Leave the pictures out, and transcribe the material below exactly from the line with "Model against a" to the line with "Woman wearing a", both lines included.
━━ Material for this exercise ━━
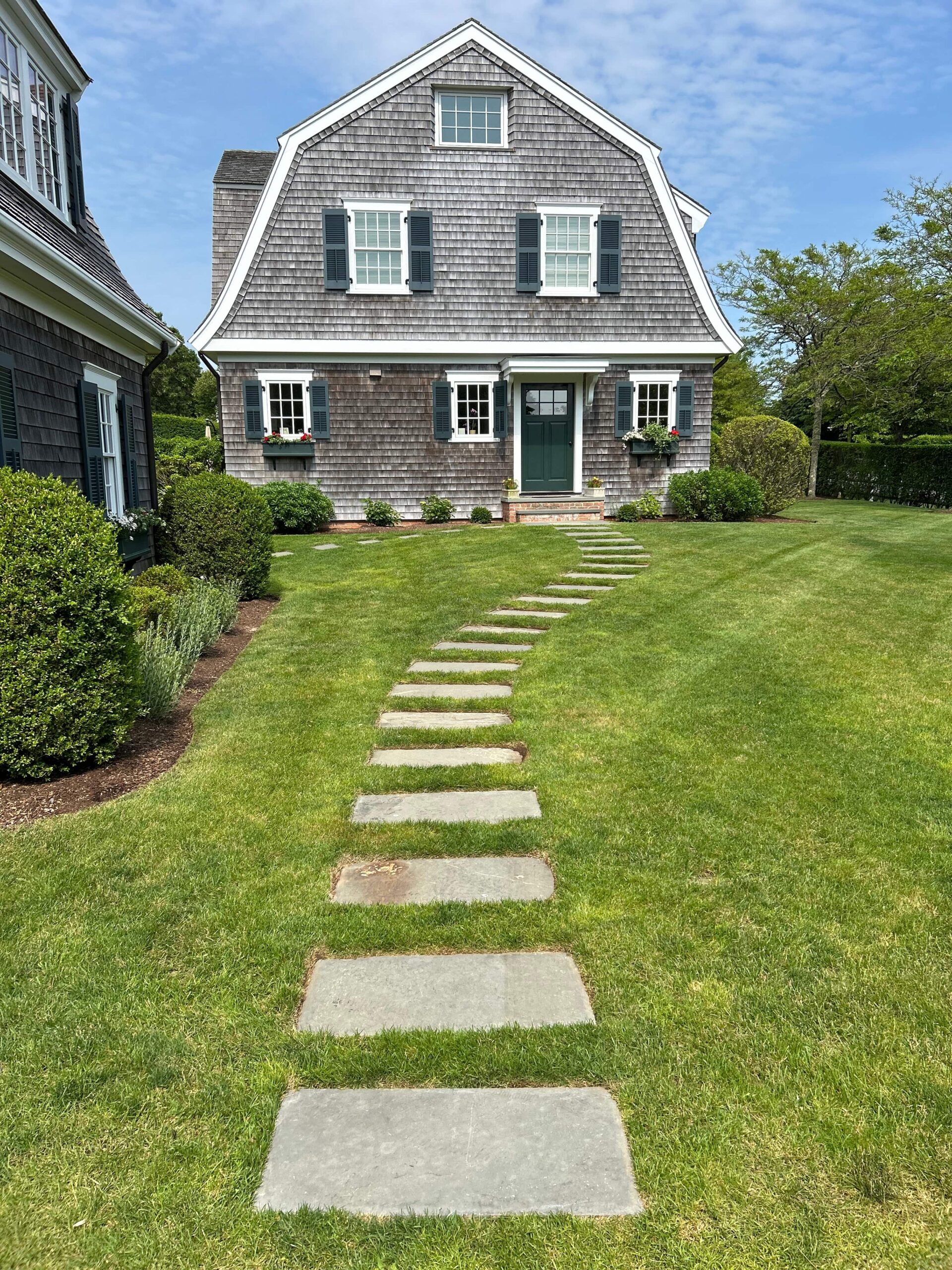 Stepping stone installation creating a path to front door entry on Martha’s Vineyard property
━━━
━━ Material for this exercise ━━
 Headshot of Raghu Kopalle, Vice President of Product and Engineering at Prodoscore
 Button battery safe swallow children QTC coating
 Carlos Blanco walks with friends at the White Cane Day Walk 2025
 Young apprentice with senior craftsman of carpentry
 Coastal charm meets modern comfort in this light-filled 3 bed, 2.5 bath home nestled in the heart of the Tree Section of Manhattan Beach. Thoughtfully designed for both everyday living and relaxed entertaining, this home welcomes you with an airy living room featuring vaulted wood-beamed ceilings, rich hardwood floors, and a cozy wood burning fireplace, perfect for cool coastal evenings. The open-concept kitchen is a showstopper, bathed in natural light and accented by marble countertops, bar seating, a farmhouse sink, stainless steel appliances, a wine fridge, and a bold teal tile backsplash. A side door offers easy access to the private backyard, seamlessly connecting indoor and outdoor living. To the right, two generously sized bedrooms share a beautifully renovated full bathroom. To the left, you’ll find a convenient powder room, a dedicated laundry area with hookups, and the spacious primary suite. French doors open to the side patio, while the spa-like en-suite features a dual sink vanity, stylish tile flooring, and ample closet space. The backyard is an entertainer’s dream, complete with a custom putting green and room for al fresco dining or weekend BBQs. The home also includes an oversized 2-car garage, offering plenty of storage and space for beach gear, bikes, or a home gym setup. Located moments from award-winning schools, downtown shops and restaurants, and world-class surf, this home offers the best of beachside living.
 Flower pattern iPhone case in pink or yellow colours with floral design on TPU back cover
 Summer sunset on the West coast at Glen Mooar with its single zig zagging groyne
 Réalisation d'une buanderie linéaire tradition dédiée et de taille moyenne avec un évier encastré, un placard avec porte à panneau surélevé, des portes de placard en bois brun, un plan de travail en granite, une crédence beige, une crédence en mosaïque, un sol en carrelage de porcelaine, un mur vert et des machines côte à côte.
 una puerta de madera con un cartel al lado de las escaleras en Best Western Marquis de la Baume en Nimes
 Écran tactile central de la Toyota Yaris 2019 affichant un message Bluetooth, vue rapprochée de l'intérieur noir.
━━━
━━ Material for this exercise ━━
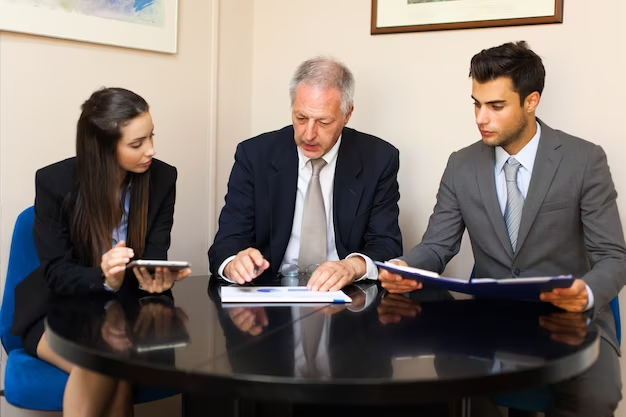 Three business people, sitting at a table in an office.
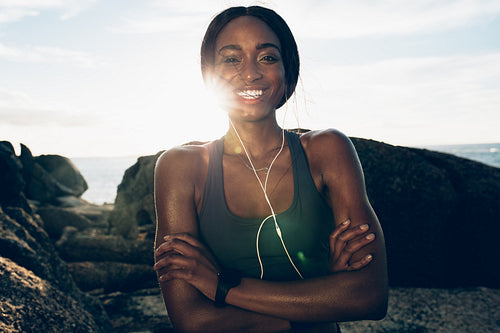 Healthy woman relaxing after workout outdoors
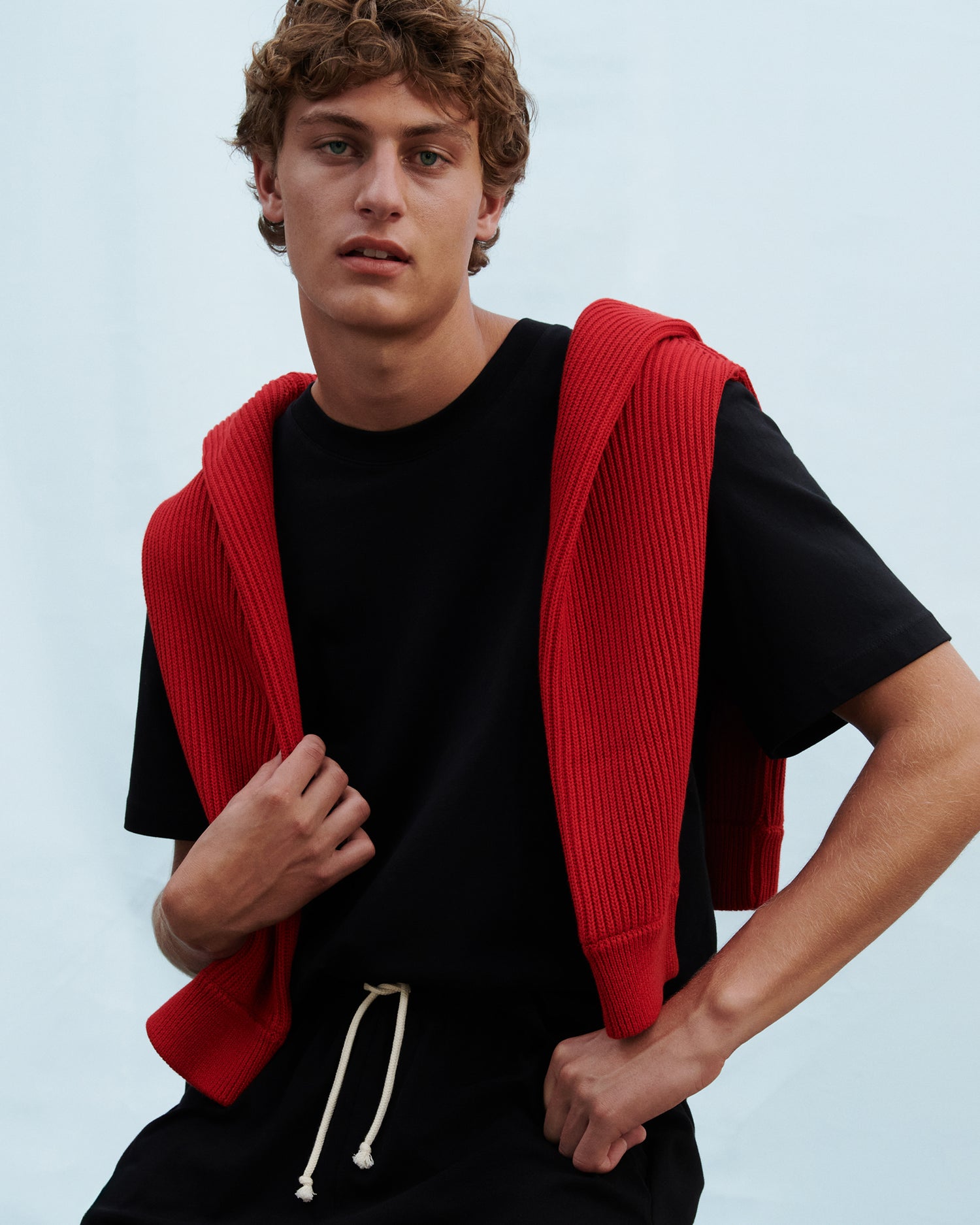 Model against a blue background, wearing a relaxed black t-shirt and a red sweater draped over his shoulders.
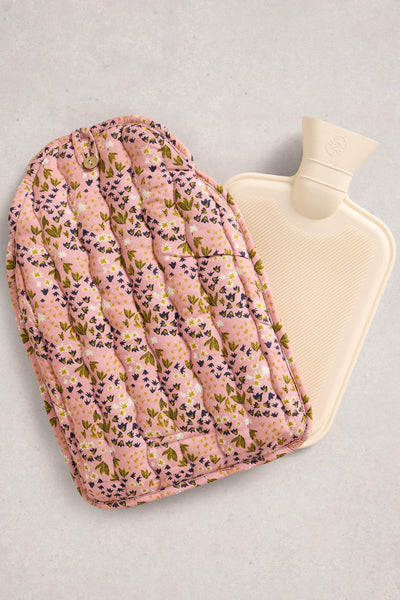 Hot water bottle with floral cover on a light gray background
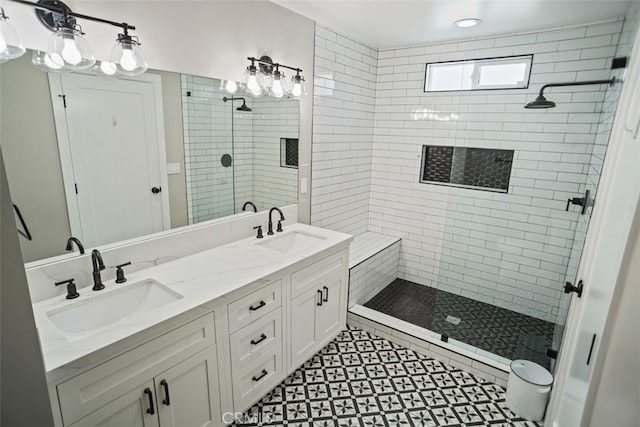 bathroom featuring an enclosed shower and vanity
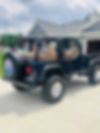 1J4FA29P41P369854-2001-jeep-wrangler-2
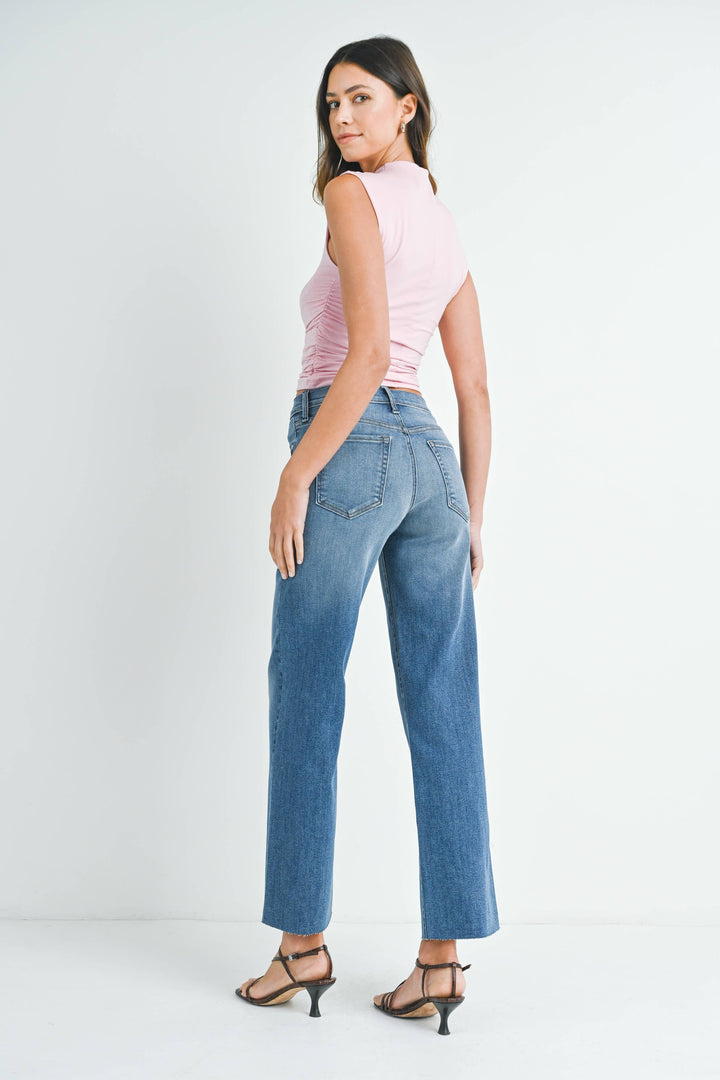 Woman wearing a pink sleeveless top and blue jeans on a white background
━━━
Solution below »
 Model against a blue background, wearing a relaxed black t-shirt and a red sweater draped over his shoulders.
 Hot water bottle with floral cover on a light gray background
 bathroom featuring an enclosed shower and vanity
 1J4FA29P41P369854-2001-jeep-wrangler-2
 Woman wearing a pink sleeveless top and blue jeans on a white background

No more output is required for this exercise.